On aurait pu trouver cela étonnant de voir autant de monde quitter son poste en même temps, et d’être enthousiaste à l’idée de cette (non) activité où le brouhaha incessant ne leur permettrait pas véritablement de se reposer. Qui voudrait se retrouver collé à son collègue auquel il essayait d’échapper ? Quelle était la raison derrière tout cela ? La seule réponse valable que trouva Emi à ces interrogations fut que le site était bien grand et qu’il y avait beaucoup trop de monde dans le bâtiment où son bureau se trouvait. Peu importe l’heure à laquelle elle souhaitait prendre une pause dans son travail, il y avait toujours autant de gens dans les salles de repos. Certains devaient juste aller d’un lieu à un autre, toujours dans le cadre du travail. Mais elle trouvait cela très inconvénient de devoir se déplacer tout le temps entre un bureau et un autre, surtout pour des broutilles qui ne prennent que quelques minutes.

Emi marcha silencieusement, jetant de temps à autre, sans jamais s’arrêter, un coup d’œil curieux dans les salles où les portes étaient laissées ouvertes. Il est de coutume de fermer une porte lorsqu’on occupe une salle, mais certains individus qu’Emi peinait à comprendre n’appliquaient aucunement cette commodité, laissant paroles et images s’échapper dans les couloirs et atteindre les curieux tels que notre chère protagoniste.
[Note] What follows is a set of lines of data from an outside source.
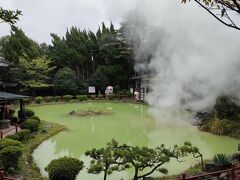 白池地獄。

日本庭園並みのきれいな風景がたのしめる白池地獄。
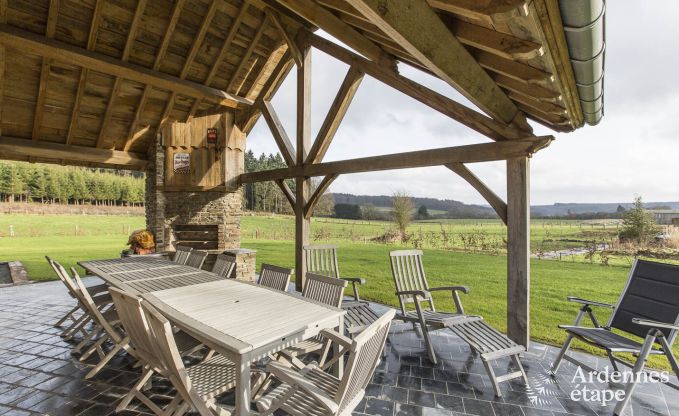 Luxe villa in Bi�vre voor 10 personen in de Ardennen
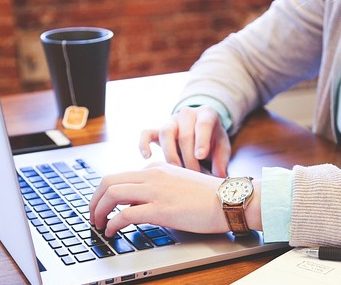 La ce trebuie sa fii atent cand alegi firma de gazduire web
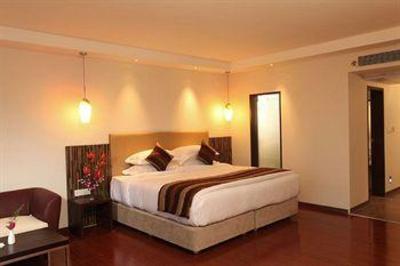 фото отеля Mapple Adhwryou Pune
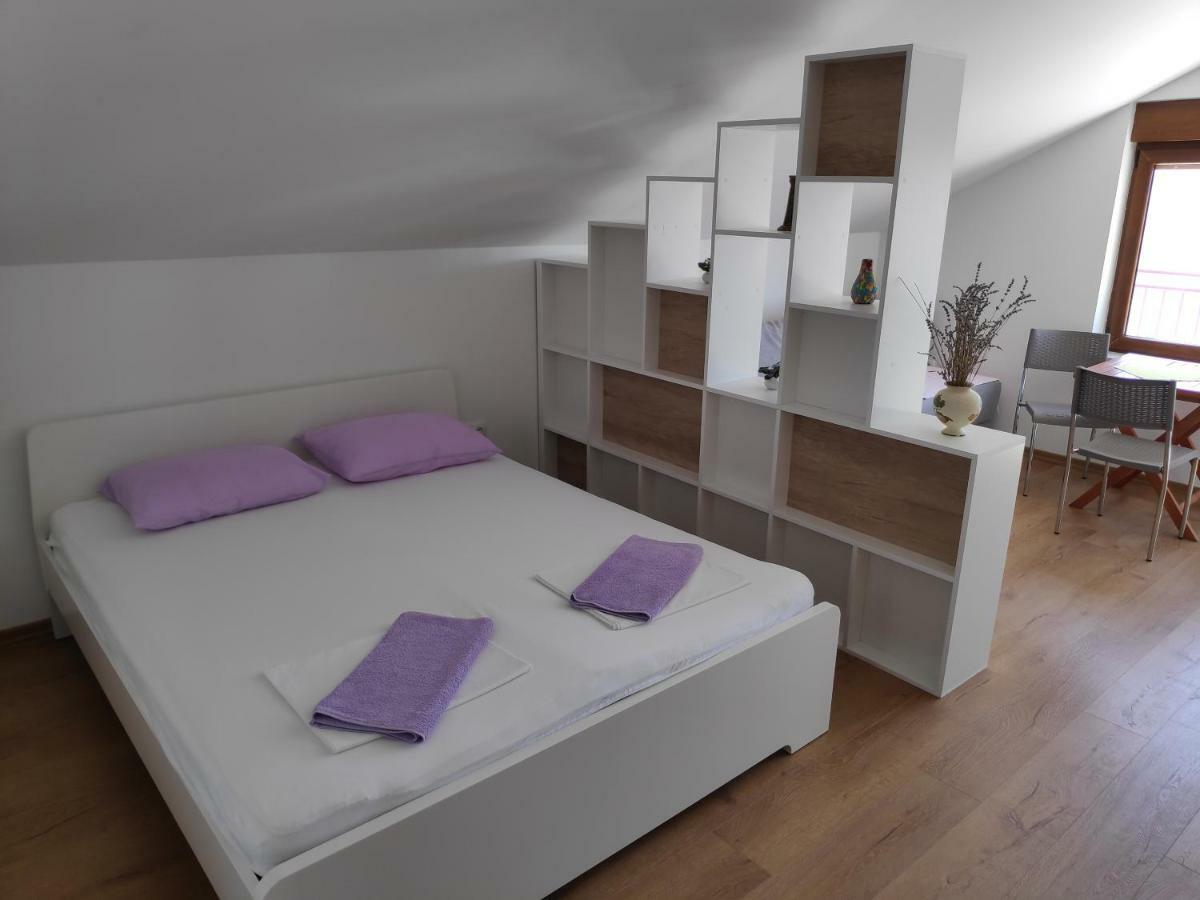Apartman Anicic Podaca Exterior foto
Pourtant, il n’y avait rien à voir, vraiment. Rien de bien intéressant ou qui attirerait l’attention, en tout cas. Juste des gens, travaillant, discutant de projets et de chiffres, rangeant des papiers couverts de gribouillis ou en couvrant d’autres avec… Des choses et d’autres dont on finit très vite par se lasser, tant tout cela est banal.

Emi, en continuant son "inspection", reconnut un homme dans l’une des salles : un vieux monsieur bien grincheux qu’elle avait croisé pour la première fois le jour de son arrivée sur le site. Elle ne l’aimait pas. Elle ne connaissait pourtant rien de lui, mais il ne lui inspirait aucune empathie. Il était pour elle ce que ce professeur tout de noir vêtu était pour le petit sorcier de ce livre pour enfants, sûrement un personnage tiré d’une tragédie, ou simplement un vieux crouton désagréable. Pour une fois, il ne criait pas, ne s’exclamait pas et se tenait assis convenablement sur sa chaise, écoutant religieusement les paroles de quelqu’un d’autre dans la salle. Il semblait, au final, plus ennuyé qu'autre chose. Son visage paraissait figé, ses rides et ses traits presque effacés. Cependant, lorsque tous deux se croisèrent du regard, une horrible grimace sembla alors s’y former. C’était comme si on venait de souffler dans un ballon : ses yeux noirs s’ouvrirent en grand, la peau de son visage s’est étirée et a pris une hideuse teinte rougeâtre. Emi détourna vivement le regard et pressa le pas, feignant de paraitre la plus naturelle possible. Ce n’était peut-être à une autre personne qu’il s’en prenait, se dit-elle, honteuse de devoir avouer qu’elle fourrait impudiquement son nez dans des affaires qui ne la concernaient point.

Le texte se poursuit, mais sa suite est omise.